In my judgment, the change of circumstances that can be found in moving from a Roman emperor like Nero to life under a British prime minister or an American president is so cataclysmic that major changes in the ethical directives must also be made. That is, “living under the order” no longer means “submission” in the way it did in the first century. What we do now is to live decently and as good citizens, but we can still be good citizens in vehement protests and civil disobedience in a way that was completely outside the capacity for first-century citizens (and noncitizens). We ought to respect our leaders, but we do not for a minute think we have to obey their every wish—out of a fear of serious punishment.
civil obedience gives the Gospel a good name.
2:18—20 - Even slaves should submit to their masters, good or unjust, because God both sees their plight and rewards their unjust suffering.
Peter joins several other New Testament voices in calling believers to dispel the prejudice against them through moral, virtuous living (see also 1 Thess 4:11–12; 1 Tim 3:7; 6:1; Tit 2:5, 8). This includes, in large measure, making every possible concession to the norms of the non-Christian society in order to show that Christians can fit in with conventional morality (save for specific points of conflict, like idolatry) and thus avoid conflict over matters nonessential to the Christian confession. This should lead us to take great care in our application of New Testament codes of conduct for slaves, wives, the governed and so on, lest we take what was a concession to first-century culture and read it as a mandate for twenty-first-century Christianity.
Converted slaves and wives would come into unavoidable conflict in the domestic sphere if the master or husband had not also become a Christian. Those within the household were expected to follow the religion of the head of the household (usually, but not always a male) as part of their recognition of the respect due the head. The Christian’s avoidance of idolatry would automatically bring tension as the wife or slave refused to participate in the domestic rites that involved invocations of the household gods. For the slave it might also entail refusing commands that would compromise morality (for, indeed, slaves could also become the sexual playthings of the masters and mistresses of the household). Peter wants to ensure that if a slave must suffer in the household, it will not be for any perception of laziness or disrespect, but only for the sake of his or her commitment to Christ and the way of life Christ enjoins (1 Pet 2:18–25). Similarly, the Christian wife will so embody the cultural “ideal” of submissiveness, modesty and quietness that this will outweigh any displeasure incurred on account of her unwillingness to yield in matters religious (1 Pet 3:1–6). The instructions given to Christian slaves become the advice given to Christians in general (cf. 1 Pet 2:18–25 with 3:13–22; 4:12–16). The expectation throughout is that Christians can overcome the prejudice against them by showing that discipleship does not make people subversive of the social order. In fact, it makes them better subjects (in every sphere, both public and domestic).
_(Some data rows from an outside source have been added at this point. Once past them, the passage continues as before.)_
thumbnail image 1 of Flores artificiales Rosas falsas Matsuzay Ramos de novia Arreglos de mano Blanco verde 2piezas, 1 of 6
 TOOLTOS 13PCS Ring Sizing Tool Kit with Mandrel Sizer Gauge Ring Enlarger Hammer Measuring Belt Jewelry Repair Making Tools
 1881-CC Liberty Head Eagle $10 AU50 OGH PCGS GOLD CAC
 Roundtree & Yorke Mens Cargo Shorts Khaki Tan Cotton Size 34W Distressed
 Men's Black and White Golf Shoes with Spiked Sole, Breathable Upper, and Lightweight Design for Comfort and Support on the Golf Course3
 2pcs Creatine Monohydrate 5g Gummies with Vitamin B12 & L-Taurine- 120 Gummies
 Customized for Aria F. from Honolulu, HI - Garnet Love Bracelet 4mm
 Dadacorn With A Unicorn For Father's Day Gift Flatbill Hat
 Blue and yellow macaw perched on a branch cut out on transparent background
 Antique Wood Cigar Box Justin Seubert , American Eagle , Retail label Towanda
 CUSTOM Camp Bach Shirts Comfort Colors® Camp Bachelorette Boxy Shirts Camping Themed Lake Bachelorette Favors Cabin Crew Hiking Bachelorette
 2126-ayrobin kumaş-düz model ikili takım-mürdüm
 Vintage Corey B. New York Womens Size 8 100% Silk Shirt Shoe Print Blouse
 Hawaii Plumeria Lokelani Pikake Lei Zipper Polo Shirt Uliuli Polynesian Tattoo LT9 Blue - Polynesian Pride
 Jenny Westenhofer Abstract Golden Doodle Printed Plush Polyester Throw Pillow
Once they are divorced from their original context, it is easy to see how these texts could become manifestos for maintaining the status quo, even under oppressive and unjust conditions. Such uses, however, lose sight of the author’s goal for giving these instructions (as well as the arenas in which he calls for “civil disobedience”) and make the prophetic Spirit a cipher for domination systems. Peter tells slaves to be the best slaves they can in this situation; a few decades later John denounces the domination system—the great whore—built on the backs of slaves (Rev 18:11–13). We need great discernment to know how God would have us speak at any specific time and in any specific situation.